J’ose affirmer que j’ai entendu là, sur un pot-pourri des répertoires qu’il dirigea par le passé à la tête de l’ONJ, le meilleurs des concerts en grande formation dirigés par Claude Barthélémy, auxquels il m’ait été donné d’assister. Il est vrai que j’ai beaucoup boudé les éditions 1989-1990 et 2002-2005 donnés par celui qui était alors l’enfant gâté d’un réseau associatif qui avait la main sur ce qu’il qualifiait d’innovant au point d’ignorer ou dédaigner de larges pans de l’actualité du jazz français de l’époque.

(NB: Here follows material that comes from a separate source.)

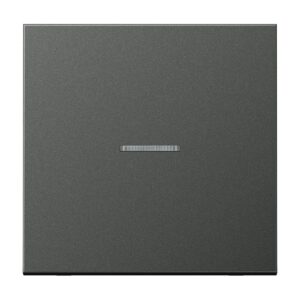 JUNG HOME LS metall trykknapp, 1 vippe, anthracite (aluminium lacquered)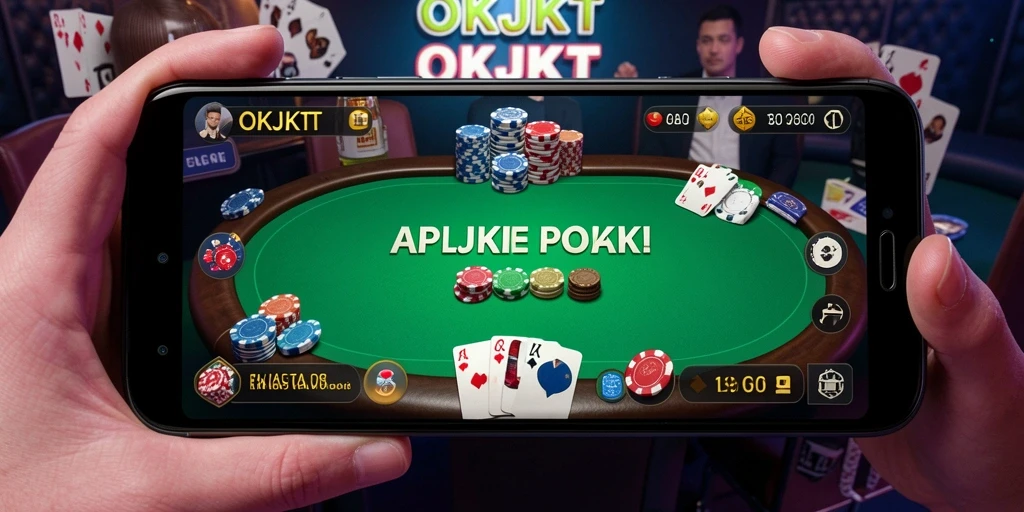Screenshot yang menampilkan gameplay seru di OKJKT poker.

Or, l’enfant gâté hier, c’était les jeunes de cet Orchestre des Jeunes tournant, conçu par Fred Maurin pour passer sous la direction tournante d’anciens chefs de l’ONJ. Il y avait une forme de tendresse dans le don que Barthélémy a fait à ces jeunes musiciens de son répertoire qu’ils lui restituèrent magnifiés. Certes, je n’ai pas oublié les éclats fous du premier album de l’ONJ 1989-1990, notamment tels que je les avais reçus à Jazz sous les Pommiers au début de son premier exercice. Mais les anciens répertoires du guitariste-chef, semblent avoir vieilli comme un vin de garde, comme un bel assemblage des trois crûs de l’ONJ-Barthélémy, des répertoires qui nous laissaient le souvenir de démentiels kaléidoscopes ici devenus, pour poursuivre dans la facilité métaphorique, de somptueux assemblages, somptueux non par la noblesse des arômes, mais par ce mélange d’excitation des papilles et d’ivresse qui après tout sont bien les deux objectifs recherchés par les amateurs de vieux flacons. Assemblage ? Du blues façon Jef Beck à la collective néo-orléanaise, de Brahms (c’est le chef qui le dit, n’ayant moi aucune compétence dans ce domaine) au bebop, des Balkans à Charlie Parker (ses premières notes sur Parker’s Mood soudain citées), du Coltrane de Giant Steps au funk, avec quelque chose de Frank Zappa dans cet art encyclopédique.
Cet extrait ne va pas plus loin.